Evet, şimdi Yunanistan dediğimiz topraklarda yaşamış kavimler için Yunanlı demek, Ortodoks Kilisesi’nin bir üyesi olmak demekti... Ancak konumuz bunların uyduruk asaletleri, ne bileyim nerelere dayanan tarihleri ve hiç olmamış güç ve cesaretleri değil; meselemiz, Türk’e besledikleri kin ve nefretleridir. Bu kin ve nefretle sığındıkları yalan dolanlardır.
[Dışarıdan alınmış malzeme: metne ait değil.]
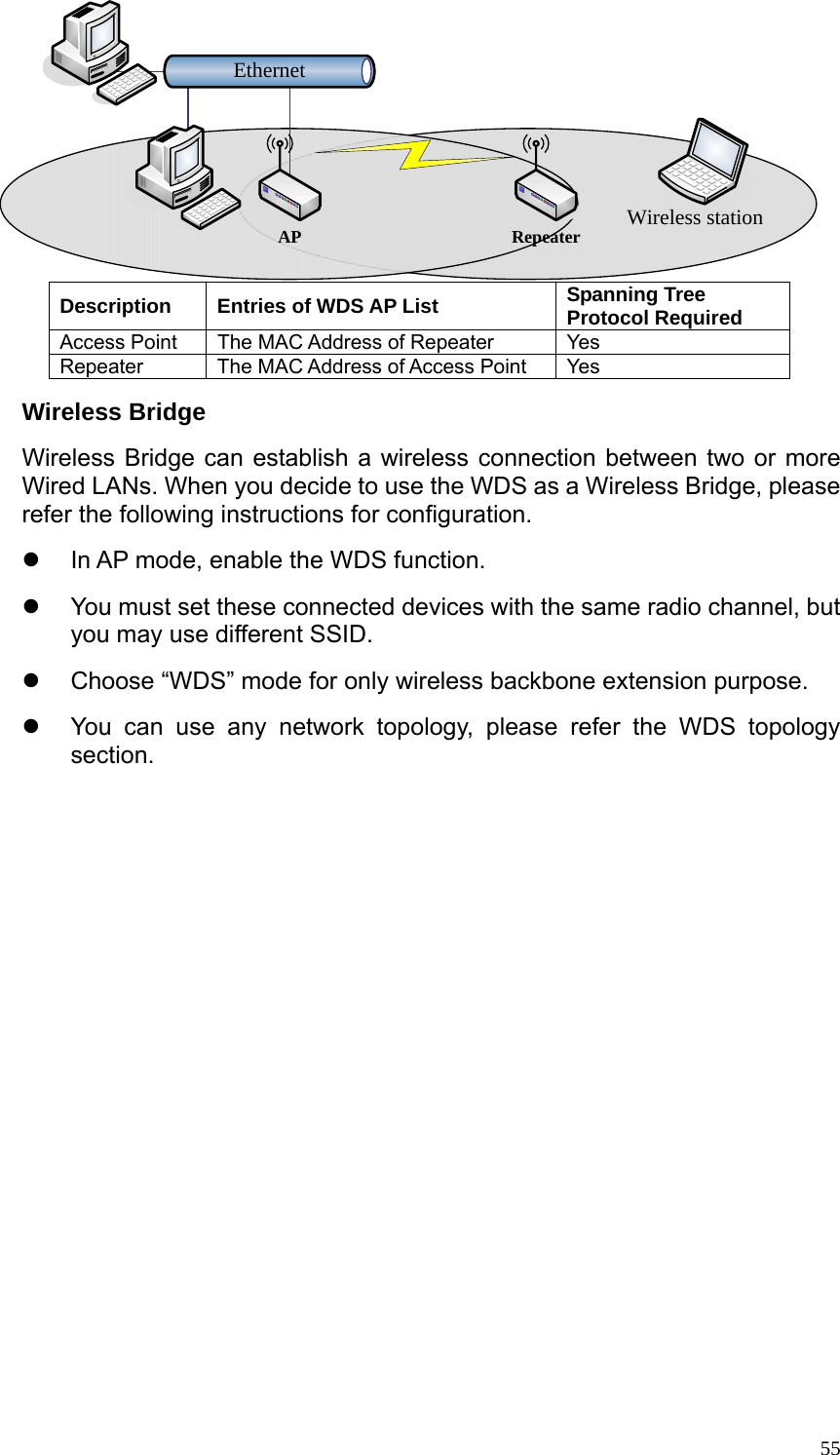 55EthernetWireless stationAP Repeater Description  Entries of WDS AP List  Spanning Tree Protocol Required Access Point  The MAC Address of Repeater  Yes Repeater  The MAC Address of Access Point  Yes Wireless Bridge Wireless Bridge can establish a wireless connection between two or more Wired LANs. When you decide to use the WDS as a Wireless Bridge, please refer the following instructions for configuration. z  In AP mode, enable the WDS function. z  You must set these connected devices with the same radio channel, but you may use different SSID. z  Choose “WDS” mode for only wireless backbone extension purpose. z  You can use any network topology, please refer the WDS topology section.            
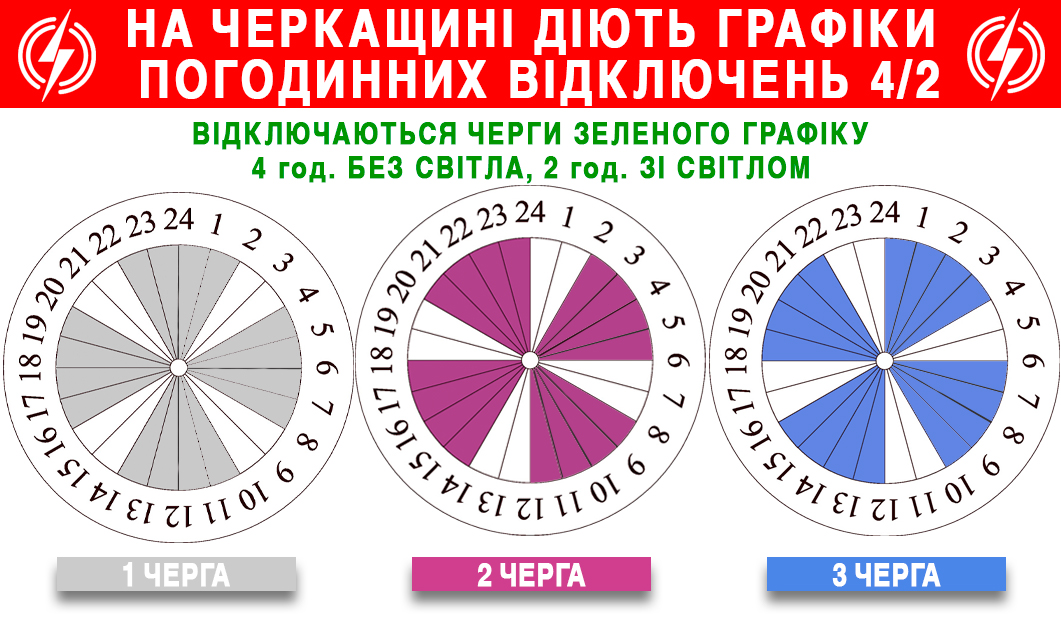 На Черкащині застосовано графіки погодинних відключень (ГПВ 4/2)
Bu, kendilerini hiç bir zaman bir milletin fertleri olarak hissedememiş, yurtseverlik duygusu besleyebilecekleri hiç bir şeyleri olmamış ‘sonradan Yunanlı’ların bu inançları da, milli duygu ve ırkçılıktan değil, Ortodoks Kilise ve Papazlarının telkin ve baskılarından dolayıdıdır görüldüğü gibi. Ancak burada, Kendilerine 350 yıl insan gibi yaşamayı, medeniyeti, adaleti, temizliği ve daha birçok güzellikleri öğretmiş Türklere yaptıkları nankörlükler, haksızlıklar, işkenceler, katliamlar ve SOYKIRIM’dır meselemiz... Ve sadece bizim değil, yabancıların da onlar için ne dedikleri, ne düşündükleridir meselemiz...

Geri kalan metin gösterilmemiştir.